I can’t help it. But 16 years of anime had made me extremely susceptible to the medium. Any time there’s a news item about anime or Hollywood trots out its latest attempt to mainstream a manga, my head turns. And its look is unmistakable for my eyes to go all radar. Netflix has dozens of anime series and movies—at last count, they had four of mine. But as I was scrolling through the ribbon with the squares of images representing the various shows and movies, I saw Sturgill Simpson’s Sound & Fury, and I stopped. I knew Simpson was some kind of alt country critics’ darling, but that was the extent of my Simpson knowledge. So it struck me as very strange that this guy would have produced an anime movie to accompany his latest album.
Turns out the music was a departure for Simpson. Sound & Fury would be a dirty, scuzzy rock record and Simpson thought the new musical direction should have some appropriate visuals. So: anime. I cued it up and the music was more Southern blues and rock than is my preference, but the anime story kept me interested. The film is a series of vignettes, but the overarching storyline is about a masked samurai warrior tearing through a post nuclear landscape in a muscle car. SPOILER ALERT: when the mask comes off, it is revealed the warrior is a woman.
Soon her adventure leads her to a road war with the baddies and the music turns from fuzzy distortion guitar crunch to synth-beat, funky danceable disco complete with buzzer sirens, telegraph keyboards, and piercing licks. The video features our samurai heroine fronting a line dance of muscle men in hoods, women bodybuilders in bikinis, pasty-sporting geishas, and the two bad guys, a skinny, skeevy guy in a business suit and a Jabba-bodied kingpin. And they all dance their asses off. The choreography is fantastic and the video flashes color, strobing like mad, managing to be both foot-stomping and sexy and funny all at the same time.
Simpson’s southern drawl yelps and calls, bouncing and skating along with the syncopated rhythm. His voice makes you want to sing along while the music practically begs you to get on the dance floor and try your damnedest to work the animated choreography line dance, which is top-notch. The song itself is Simpson at his typical rebellious bent, only this time the lyrics aren’t set to a crooning country tune, but something that wouldn’t be out of line in the Earth, Wind & Fire catalogue.
Well now everybody’s worried ‘bout a good look
But they need to be worried ‘bout a good hook
Attacking record companies’ adoration of the facile at the expense of real meat and guts artistry isn’t the only subject of his ire. Simpson also turns the critical mirror back at himself, the push/pull of fame and all the troubles that come with it. As Chrissie Hynde sang, “How much did you get for your soul?”
Why you gettin’ pissed ‘cause we’re getting discovered
Are you talking all this shit just to get on the cover
Simpson famously rebelled against every label the label or critics gave him. One of those labels being rebel country. So it’s fitting that Simpson’s next move would be to produce a blazing, guitar god rock album instead of the alt country croonings that made him famous. But he knows the risks.

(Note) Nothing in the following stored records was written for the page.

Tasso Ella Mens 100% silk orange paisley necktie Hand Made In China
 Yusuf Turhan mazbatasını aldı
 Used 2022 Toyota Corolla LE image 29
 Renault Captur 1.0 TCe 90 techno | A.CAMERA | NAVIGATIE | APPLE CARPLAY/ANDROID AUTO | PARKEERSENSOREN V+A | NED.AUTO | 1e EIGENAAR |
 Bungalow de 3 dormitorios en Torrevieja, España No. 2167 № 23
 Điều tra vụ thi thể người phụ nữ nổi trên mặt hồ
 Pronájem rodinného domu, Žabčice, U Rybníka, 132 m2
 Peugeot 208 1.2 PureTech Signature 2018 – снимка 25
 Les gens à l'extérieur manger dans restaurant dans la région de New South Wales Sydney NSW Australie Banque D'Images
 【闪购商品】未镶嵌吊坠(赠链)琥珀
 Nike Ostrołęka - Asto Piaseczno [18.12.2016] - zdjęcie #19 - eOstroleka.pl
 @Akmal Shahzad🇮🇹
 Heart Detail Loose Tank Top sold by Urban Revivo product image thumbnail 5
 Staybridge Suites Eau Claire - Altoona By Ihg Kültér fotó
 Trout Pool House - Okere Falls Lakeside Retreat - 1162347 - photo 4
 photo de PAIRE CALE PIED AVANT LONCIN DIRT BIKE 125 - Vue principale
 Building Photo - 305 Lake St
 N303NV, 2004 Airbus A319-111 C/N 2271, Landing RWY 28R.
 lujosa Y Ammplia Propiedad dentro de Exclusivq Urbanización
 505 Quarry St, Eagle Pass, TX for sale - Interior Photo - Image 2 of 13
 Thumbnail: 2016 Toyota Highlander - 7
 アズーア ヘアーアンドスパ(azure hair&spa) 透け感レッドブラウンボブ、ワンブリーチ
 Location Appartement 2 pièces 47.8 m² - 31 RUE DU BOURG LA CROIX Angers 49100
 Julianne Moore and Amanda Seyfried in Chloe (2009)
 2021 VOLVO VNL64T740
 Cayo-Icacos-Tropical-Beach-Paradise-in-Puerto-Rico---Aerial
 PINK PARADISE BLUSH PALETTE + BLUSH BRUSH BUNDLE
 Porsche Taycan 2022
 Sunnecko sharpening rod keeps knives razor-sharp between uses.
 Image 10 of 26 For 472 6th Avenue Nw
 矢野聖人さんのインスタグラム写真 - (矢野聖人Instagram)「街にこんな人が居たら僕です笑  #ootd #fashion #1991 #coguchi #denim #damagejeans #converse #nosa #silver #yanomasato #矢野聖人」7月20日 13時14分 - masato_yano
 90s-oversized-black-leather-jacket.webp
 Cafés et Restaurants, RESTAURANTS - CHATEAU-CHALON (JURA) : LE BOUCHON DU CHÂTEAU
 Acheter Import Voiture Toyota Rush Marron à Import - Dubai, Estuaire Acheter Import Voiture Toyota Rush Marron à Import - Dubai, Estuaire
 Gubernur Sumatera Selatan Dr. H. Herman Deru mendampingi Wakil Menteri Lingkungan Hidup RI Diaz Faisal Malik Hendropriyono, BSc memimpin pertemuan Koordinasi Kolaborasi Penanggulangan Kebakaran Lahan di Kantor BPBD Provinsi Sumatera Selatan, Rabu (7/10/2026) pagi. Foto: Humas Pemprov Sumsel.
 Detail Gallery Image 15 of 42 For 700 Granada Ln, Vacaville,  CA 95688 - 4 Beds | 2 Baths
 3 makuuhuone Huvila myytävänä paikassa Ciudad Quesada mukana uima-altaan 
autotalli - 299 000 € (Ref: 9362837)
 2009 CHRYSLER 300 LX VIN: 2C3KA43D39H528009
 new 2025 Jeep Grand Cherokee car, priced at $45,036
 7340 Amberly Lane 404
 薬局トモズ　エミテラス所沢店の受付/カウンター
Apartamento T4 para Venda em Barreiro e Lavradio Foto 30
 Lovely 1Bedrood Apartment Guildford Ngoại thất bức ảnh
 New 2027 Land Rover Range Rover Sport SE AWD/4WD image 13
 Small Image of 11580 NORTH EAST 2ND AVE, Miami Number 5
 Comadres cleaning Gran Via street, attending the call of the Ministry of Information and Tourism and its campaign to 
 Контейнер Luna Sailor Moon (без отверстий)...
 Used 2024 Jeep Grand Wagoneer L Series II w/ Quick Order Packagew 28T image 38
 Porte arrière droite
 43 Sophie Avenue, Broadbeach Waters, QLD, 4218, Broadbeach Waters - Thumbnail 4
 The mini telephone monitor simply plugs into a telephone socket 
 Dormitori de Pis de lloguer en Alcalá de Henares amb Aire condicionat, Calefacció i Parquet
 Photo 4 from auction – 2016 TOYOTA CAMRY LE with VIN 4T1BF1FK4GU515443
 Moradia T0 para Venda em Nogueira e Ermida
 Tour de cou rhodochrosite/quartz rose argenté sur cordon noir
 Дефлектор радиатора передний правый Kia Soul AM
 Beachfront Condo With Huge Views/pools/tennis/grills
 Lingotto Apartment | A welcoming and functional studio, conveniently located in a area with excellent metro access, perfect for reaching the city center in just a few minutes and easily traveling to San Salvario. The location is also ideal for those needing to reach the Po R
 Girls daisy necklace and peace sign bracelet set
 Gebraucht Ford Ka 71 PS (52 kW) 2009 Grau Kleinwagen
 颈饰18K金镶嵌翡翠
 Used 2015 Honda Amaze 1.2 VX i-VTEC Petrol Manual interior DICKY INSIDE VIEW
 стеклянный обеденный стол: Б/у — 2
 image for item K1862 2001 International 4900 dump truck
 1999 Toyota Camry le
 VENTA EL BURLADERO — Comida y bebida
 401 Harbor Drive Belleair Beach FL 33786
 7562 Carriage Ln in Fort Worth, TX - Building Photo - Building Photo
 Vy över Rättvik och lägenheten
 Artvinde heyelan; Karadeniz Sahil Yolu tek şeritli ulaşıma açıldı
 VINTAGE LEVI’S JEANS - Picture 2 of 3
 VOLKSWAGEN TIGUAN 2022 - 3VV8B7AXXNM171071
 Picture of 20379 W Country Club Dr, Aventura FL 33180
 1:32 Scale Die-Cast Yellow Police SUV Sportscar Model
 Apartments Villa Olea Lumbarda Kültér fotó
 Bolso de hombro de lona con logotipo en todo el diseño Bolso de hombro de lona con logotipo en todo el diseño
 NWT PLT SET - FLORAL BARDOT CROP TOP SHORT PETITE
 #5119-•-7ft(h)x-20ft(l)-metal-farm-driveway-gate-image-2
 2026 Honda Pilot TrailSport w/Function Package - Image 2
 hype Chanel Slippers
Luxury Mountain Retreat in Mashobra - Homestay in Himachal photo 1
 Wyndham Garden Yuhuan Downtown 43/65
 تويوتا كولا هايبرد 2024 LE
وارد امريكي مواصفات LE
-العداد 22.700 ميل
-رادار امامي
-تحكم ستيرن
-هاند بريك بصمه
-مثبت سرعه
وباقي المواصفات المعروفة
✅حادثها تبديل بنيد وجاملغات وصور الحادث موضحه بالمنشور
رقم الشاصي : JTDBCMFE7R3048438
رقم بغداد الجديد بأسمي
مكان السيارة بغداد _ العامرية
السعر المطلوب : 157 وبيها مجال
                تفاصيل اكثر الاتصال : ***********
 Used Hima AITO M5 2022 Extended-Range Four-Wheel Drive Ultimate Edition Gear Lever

Well now, how you gonna eat when you’re biting the hand
Well you know they don’t like it when you take a stand
Musically, the song speaks out of both sides of its mouth: dark and bright, the booty-shaking and the roof-raising, elation and destruction. It’s as colorful as the multi-hued spotlights of the club. I have the song forever cued up on Netflix. I watch/dance/listen to the track often, then rewind it back to its beginning so it’s ready for the next time I need a little disco pick-me-up.
Simpson wanted to capture the feeling he and his band got when they played live, when they went back to their hotel room and just jammed. “A Good Look” is like most of the songs on Sound & Fury. It sounds like guys getting away with something. Stealing a little bit of hip-hop here, taking some house there. Then showing off what they’re going to do with what they pilfered. “A Good Look” is like the muscle car the samurai chick drives. It’s fast, it’s mean, and it’s not meant to sit in the driveway. It wants to move. So will you.